Text description provided by the architects. The Kitrvs winery façade, built from 13596 individually rotated and tilted bricks are currently the largest architectural project entirely assembled on-site with an augmented reality fabrication interface. Researchers from Gramazio Kohler Research collaborated with incon.ai, a spinoff recently launched by the Robotic Systems Lab of ETH Zürich, to develop the custom made dynamic optical guidance system.
This system was used by local Greek masons to construct the 225m2 large façade in less than three months. The developed augmented bricklaying process combines the power of computational design with the dexterity and skills of a human craftsman, introducing an entirely new fabrication paradigm.
Gramazio Kohler Research – the Chair for Architecture and Digital Fabrication at ETH Zurich – is known for its pioneering use of robotics in architecture, demonstrated for the first time in the intricate brickwork design of “Gantenbein Winery” façade in 2006. Nevertheless, the introduction of robotics into architecture still faces many barriers, including the limited mobility and dexterity of existing industrial robots, and the relative difficulty of automating and handling malleable building materials.
To address these challenges, the project “Augmented Bricklaying” reintroduces craftsmen into a digital fabrication process.

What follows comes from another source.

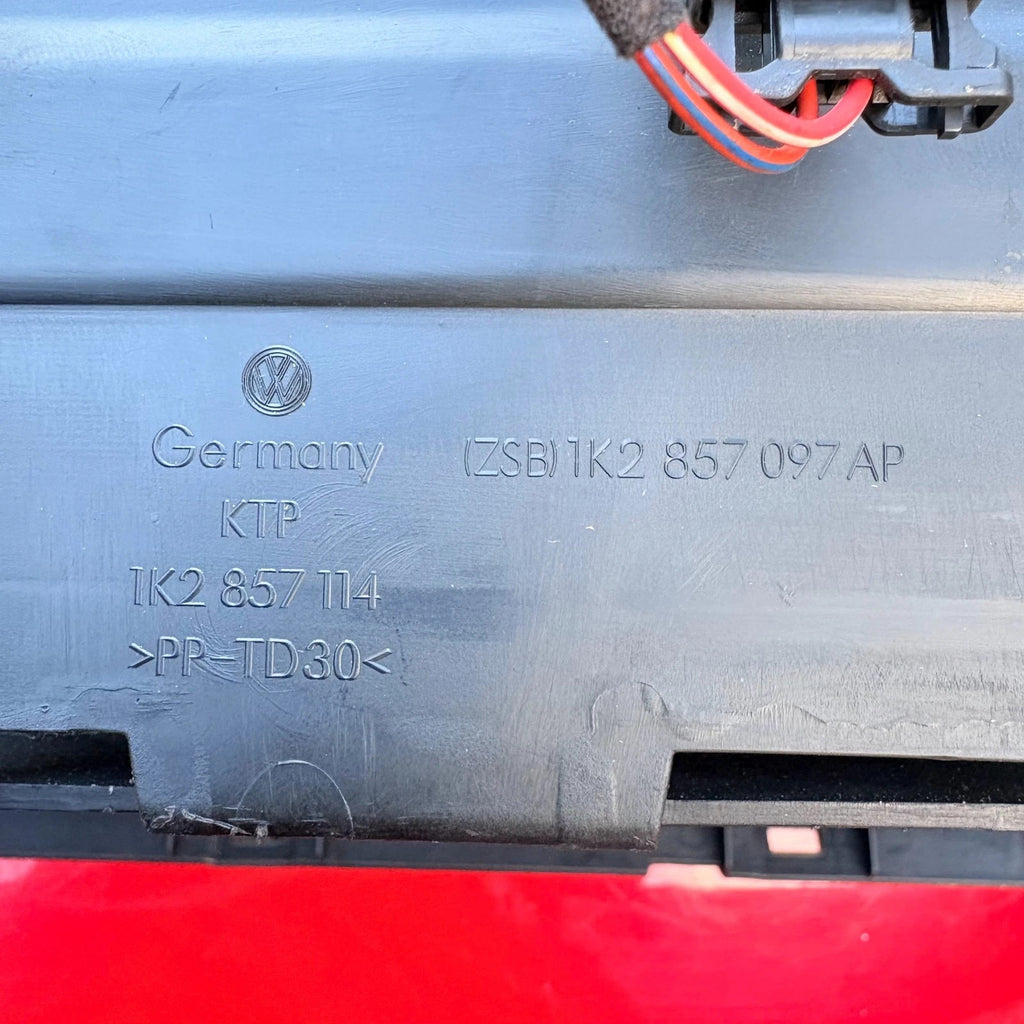 VW GOLF GLOVEBOX COMPLETE 1K2 857 097 AP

By optically instructing masons with tailored digital information through a custom augmented reality user interface, a direct connection to the digital design model can be established.
This craft-specific user interface allows masons to intuitively understand where to place the bricks according to the digital blueprint and computationally derived spatial model. The technological innovation of this system uses visual-inertial object tracking features and real-time feedback to precisely relate what has already been physically built to the digital model, exceeding the accuracy of conventional holographic representations used as state of the art in this domain.
Through this augmented reality interface, the masons no longer depend on physical templates but can work with enhanced spatial precision while maintaining their craft and expertise in mortar handling.
Kitrvs winery is located in the hilly landscape of Pydna at the foot of Mount Olympus, overlooking the Thermaic Gulf of the Aegean Sea. The newly constructed building will be used to process and store wine, produced in the surrounding vineyards. The semi-transparent parametric façade design, derived from a Perlin noise field, produces an ever-changing pattern resembling light moving across a liquid surface. Gaps between the individual bricks allow for ventilation and control the impact of the strong Greek light.
The design leverages the physical possibility of differentiate the height of the applied mortar between the brick layers. Mortar, usually treated as secondary material in the design of fair-faced brick walls, became a dominant element in the appearance of the façade. Through the re-introduction of craftsmanship into digital fabrication processes, “Augmented Bricklaying” pursues a human-centered approach to the notion of a fully automated building site.
“Augmented Bricklaying” can thus be understood as a way to overcome the known limitations of robotic automation, at the same time expanding the scope of digital fabrication through a socially sustainable model of digitalized building construction.